4.1 Vectors and the wind triangle

Velocity vectors
      We know that an aircraft in flight is airborne, and consequently both the path it projects over the ground and its speed relative to the ground are the resultant of the aircraft velocity and the wind velocity. Those velocities are vector quantities having both magnitude (speed) and direction in azimuth, so we can add the two velocities together to produce a resultant vector representing the aircraft's groundspeed and its track over the ground in azimuth. It is common practice to do that non-mathematically by drawing scaled, arrowed lines to represent each vector quantity. The lengths of the lines represent the magnitude (speed) of each vector, and the placements indicate the application points and the directions of motion; the resultant vector represents the aircraft track over the ground and the groundspeed.

Wind effect For example, waypoint Beta is 150 nautical miles north-east (045° true) of waypoint Alpha and an aircraft departs overhead Alpha for Beta, maintaining a heading of 045° true while flying at the aircraft's normal cruising speed of 75 knots TAS. At the time of departure, the wind velocity at the cruise altitude is 135° true at 20 knots; i.e. the 20 kn wind is coming from the south-east. Where will the aircraft be after two hours flight? Certainly not over Beta, as it will have moved 150 nm north-east within the air mass while the air mass has moved 40 nm north-west. So we might surmise that after two hours flight its position will be about 40 nm north-west of Beta, and this is shown in Figure 1. The aircraft has drifted from its intended path or track over the ground and the 'track made good' is about 15° to the left of the 'required track'.

We should note that, relative to the aircraft's course, the wind velocity normally has both a crosswind component and a headwind or tailwind component, and that headwind or tailwind component will also affect the aircraft's speed relative to the surface — the ground speed.

(I have used the ISO standard symbol 'kn' for knot in the diagrams; the symbol 'kt' sometimes seen is the standard symbol for kilotonne.)

  Note: in the USA the term 'course' is synonymous with 'track' for air navigation, but the International Civil Aviation Organisation (ICAO) preferred usage is 'track'. The heading is the direction with which the longitudinal axis of the aircraft is aligned at any given time.
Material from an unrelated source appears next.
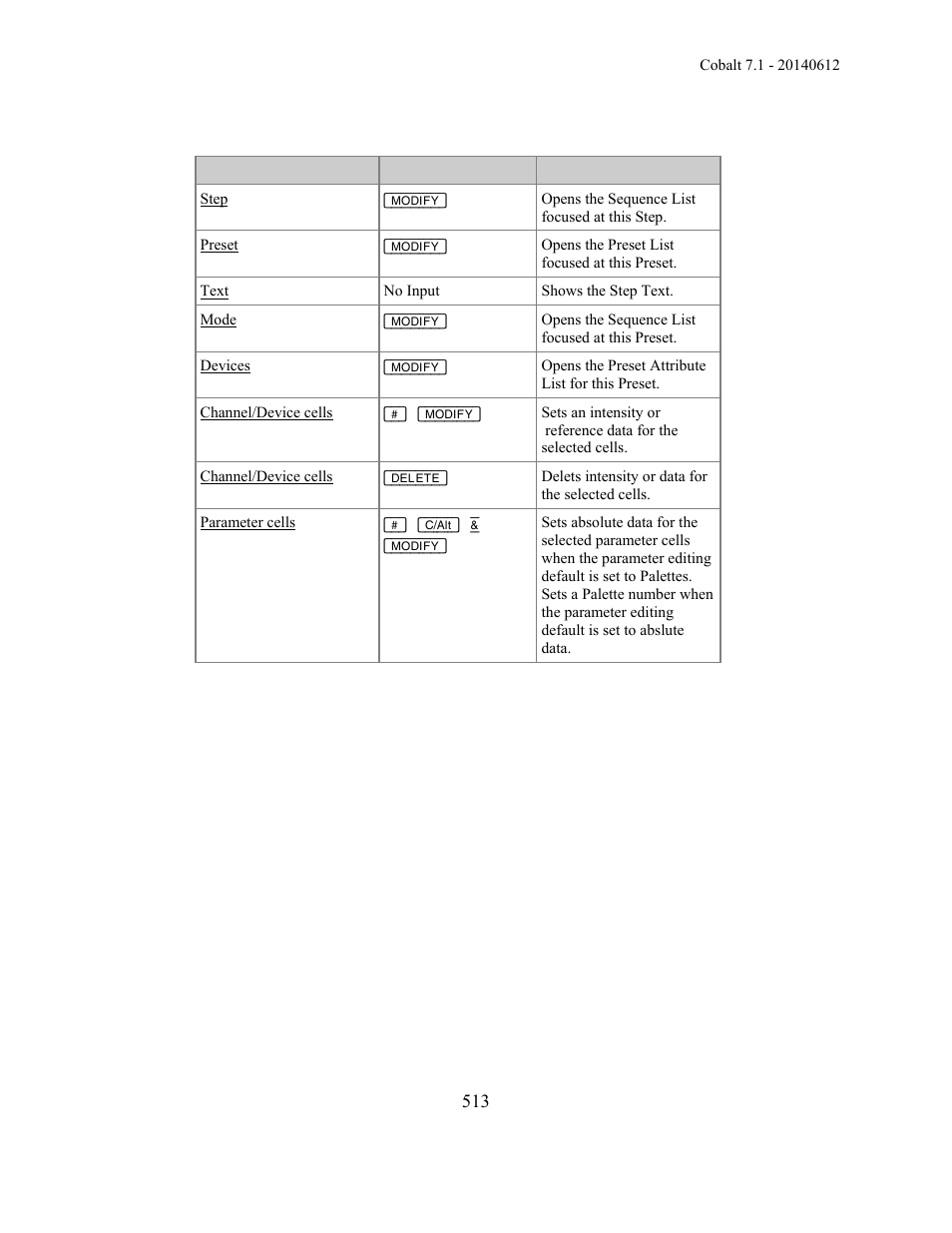 ETC Cobalt Family v7.1.0 User Manual | Page 514 / 1055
This heading may be expressed as relative to true north — the true heading; or if adjusted for magnetic variation — the magnetic heading; and if adjusted for variation plus compass deviation — the compass heading.

The wind triangle
        So, if we want to track over the direct route from Alpha to Beta we will have to ascertain both the expected wind velocity at the time of flight and a heading to fly that will provide the necessary crosswind correction angle. In the 3-vector wind triangle only the wind vector is completely known — the forecast wind velocity 135°/20 kn. We know part of the air or heading vector — the true airspeed 75 knots — but not the direction. We also know part of the ground vector — the direction (ground track 045° true) from Alpha to Beta — but not the ground speed.

Wind effect fig. 2 We can determine the two unknowns — the heading and the ground speed — by plotting scaled vectors on paper (figure 2). You will need some drawing instruments, a protractor and ruler, but a pair of dividers can be useful.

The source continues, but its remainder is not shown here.